On vous croit de Charlotte Devillers et Arnaud Dufeys

Alice y a cru. Mais rapidement, cette mère de deux enfants, s’est vite retrouvée seule pour élever ses enfants à côté d’un père démissionnaire et infidèle. Le film commence in media res. Alice, interprétée par Myriem Akheddiou, sa fille et son fils, interprétés par Adèle Pinckaers et Ulysse Goffin, arrivent au tribunal et s’apprêtent à être entendus par la juge des affaires familiales. Dès les premiers plans, on comprend qu’Alice est au bout du rouleau, qu’elle est désemparée face aux comportements de son fils, qu’elle n’a plus une once de patience et que c’est ingérable. Le trio a été convoqué par le père, Laurent Capelluto, qui revendique son droit de garde et remet en cause la gestion de la mère.
On se retrouve donc enfermés avec les protagonistes dans un tribunal aux couloirs aseptisés, un huis clos malaisant où une mère et deux enfants répètent inlassablement, depuis deux ans, la même horreur: le père est un violeur et il est hors de question qu’il puisse voir ses enfants. Deux ans d’angoisse, deux ans de procédure, deux ans d’attente infinie et les voilà, assis sur des chaises en plastique, à côté de l’homme qu’ils ne veulent plus voir.

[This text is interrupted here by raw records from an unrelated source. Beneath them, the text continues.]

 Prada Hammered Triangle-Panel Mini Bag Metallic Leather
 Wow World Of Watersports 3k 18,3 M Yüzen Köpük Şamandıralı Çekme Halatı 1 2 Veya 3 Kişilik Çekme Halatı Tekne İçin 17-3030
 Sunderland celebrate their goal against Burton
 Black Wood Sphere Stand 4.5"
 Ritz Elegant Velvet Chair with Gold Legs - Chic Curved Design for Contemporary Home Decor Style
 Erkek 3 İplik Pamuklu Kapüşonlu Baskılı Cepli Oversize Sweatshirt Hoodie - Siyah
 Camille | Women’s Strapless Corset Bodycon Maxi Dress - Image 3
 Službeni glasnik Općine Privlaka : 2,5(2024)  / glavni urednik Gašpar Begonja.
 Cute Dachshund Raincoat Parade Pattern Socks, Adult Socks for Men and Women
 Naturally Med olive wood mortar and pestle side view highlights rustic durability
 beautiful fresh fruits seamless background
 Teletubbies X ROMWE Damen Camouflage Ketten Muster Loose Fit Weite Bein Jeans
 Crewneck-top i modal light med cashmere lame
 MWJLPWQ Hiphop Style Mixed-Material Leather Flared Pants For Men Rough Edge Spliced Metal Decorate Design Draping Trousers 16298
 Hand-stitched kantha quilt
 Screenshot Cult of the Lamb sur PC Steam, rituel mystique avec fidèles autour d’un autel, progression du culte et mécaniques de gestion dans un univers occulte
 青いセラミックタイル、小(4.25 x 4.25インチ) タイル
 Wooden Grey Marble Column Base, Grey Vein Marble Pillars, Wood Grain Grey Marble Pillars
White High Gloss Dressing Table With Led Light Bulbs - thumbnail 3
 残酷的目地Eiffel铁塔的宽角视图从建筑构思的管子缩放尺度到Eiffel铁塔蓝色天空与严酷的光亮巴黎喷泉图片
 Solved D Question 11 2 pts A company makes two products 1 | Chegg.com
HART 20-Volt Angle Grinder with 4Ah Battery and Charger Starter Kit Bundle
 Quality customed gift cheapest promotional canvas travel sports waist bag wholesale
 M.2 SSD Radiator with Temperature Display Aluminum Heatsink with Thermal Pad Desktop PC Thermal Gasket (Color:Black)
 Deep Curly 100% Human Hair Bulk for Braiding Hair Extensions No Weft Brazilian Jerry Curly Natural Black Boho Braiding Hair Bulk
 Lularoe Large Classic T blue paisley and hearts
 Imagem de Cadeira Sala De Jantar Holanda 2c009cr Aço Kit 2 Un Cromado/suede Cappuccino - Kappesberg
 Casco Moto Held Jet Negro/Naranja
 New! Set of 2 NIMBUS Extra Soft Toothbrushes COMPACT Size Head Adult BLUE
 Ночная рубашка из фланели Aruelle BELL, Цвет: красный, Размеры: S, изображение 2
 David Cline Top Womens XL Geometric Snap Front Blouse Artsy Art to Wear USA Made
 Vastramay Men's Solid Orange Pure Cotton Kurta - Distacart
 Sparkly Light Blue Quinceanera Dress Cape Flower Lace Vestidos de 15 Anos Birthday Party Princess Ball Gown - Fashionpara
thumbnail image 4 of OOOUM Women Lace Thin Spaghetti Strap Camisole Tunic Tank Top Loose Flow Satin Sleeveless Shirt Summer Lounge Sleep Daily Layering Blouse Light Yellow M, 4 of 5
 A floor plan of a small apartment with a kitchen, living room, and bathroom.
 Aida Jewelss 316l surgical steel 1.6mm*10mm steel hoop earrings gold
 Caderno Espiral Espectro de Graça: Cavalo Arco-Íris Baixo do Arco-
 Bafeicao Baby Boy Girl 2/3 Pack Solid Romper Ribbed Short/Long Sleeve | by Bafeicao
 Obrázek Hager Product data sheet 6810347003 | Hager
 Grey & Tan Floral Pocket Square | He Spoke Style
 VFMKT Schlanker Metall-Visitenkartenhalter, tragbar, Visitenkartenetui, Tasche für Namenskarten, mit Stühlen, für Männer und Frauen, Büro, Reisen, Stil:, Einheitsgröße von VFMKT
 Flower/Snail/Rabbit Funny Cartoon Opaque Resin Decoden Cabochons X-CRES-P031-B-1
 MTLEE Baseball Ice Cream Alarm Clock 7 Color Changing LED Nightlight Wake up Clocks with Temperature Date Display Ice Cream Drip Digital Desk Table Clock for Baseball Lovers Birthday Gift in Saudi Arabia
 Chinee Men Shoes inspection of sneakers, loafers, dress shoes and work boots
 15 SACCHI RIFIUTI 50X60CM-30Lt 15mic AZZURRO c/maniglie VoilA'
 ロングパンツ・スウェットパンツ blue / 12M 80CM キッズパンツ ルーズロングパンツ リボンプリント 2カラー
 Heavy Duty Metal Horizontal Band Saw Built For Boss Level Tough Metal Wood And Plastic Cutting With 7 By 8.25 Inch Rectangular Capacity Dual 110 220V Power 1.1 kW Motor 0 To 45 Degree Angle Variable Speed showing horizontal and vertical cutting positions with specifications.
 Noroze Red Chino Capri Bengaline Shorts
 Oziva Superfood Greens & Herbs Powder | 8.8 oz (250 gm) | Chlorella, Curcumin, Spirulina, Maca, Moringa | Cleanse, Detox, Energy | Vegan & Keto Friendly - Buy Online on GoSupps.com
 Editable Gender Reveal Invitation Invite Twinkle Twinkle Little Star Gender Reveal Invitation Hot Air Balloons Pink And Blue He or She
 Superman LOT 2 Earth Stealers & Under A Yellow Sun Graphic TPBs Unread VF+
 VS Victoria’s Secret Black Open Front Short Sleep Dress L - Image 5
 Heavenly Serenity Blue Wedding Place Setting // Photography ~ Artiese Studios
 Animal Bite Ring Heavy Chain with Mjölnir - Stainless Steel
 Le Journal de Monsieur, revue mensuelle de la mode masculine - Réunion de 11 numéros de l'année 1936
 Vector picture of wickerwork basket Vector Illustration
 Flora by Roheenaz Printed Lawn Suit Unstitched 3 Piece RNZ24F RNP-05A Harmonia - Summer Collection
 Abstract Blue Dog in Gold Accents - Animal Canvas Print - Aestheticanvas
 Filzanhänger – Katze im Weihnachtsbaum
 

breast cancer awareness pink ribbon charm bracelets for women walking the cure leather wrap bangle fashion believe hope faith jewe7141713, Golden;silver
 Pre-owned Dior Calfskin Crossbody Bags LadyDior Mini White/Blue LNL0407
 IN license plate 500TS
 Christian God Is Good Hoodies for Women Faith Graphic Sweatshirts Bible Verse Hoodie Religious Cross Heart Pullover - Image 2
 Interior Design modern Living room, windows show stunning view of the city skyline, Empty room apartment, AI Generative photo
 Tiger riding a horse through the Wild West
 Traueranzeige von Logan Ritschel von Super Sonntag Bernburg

Le climax est atteint dans le bureau de la juge où toutes les parties sont entendues, l’avocat des enfants, celui du père, le père, l’avocat de la mère, la mère. À la juge de trancher. D’un côté, un père qui nie toutes les accusations et de l’autre, une mère qui doit gérer au quotidien un fils détruit, qui souffre de diverses pathologies qui l’empêchent d’être un petit garçon normal.
Quand un parent sait, au plus profond de lui, que ses enfants sont en danger chez l’autre, quand les enfants souffrent, quand la vie n’est plus normale, il se lance alors dans une lutte acharnée. Et, il faut être prêt pour ce combat-là. Ce film, présenté dans la section Perspectives, consacrée aux premiers longs métrages de fiction, à la 75e Berlinale, montre les rouages d’un système défaillant. Un système où les premières victimes sont les enfants. Arnaud Dufeys (Un Invincible été, 2024) et Charlotte Devillers, infirmière de formation, forte de son expérience avec des jeunes et des familles victimes de situations d’inceste et de violences sexuelles, réalisent un film percutant avec peu de moyens, soutenu par le Centre du Cinéma et de l’Audiovisuel de la Fédération Wallonie-Bruxelles.
On vous croit est un film qui va à l’essentiel, qui se concentre sur la parole et qui permet à une mère - Myriem Akheddiou est assez incroyable de justesse - de donner sa version des faits, en temps réel. Plans serrés sur les visages des protagonistes où le moindre tremblement peut être fatal, peut faire passer pour le bon ou le mauvais. Il s’agit de faire bonne impression et il s’agit d’être cru. Ce film, produit par Makintosh Films, donne la parole aux parents usés jusqu’à l’os par la violence d’un système qui manque cruellement d’empathie et qui fait fi de la souffrance des premières victimes: les enfants.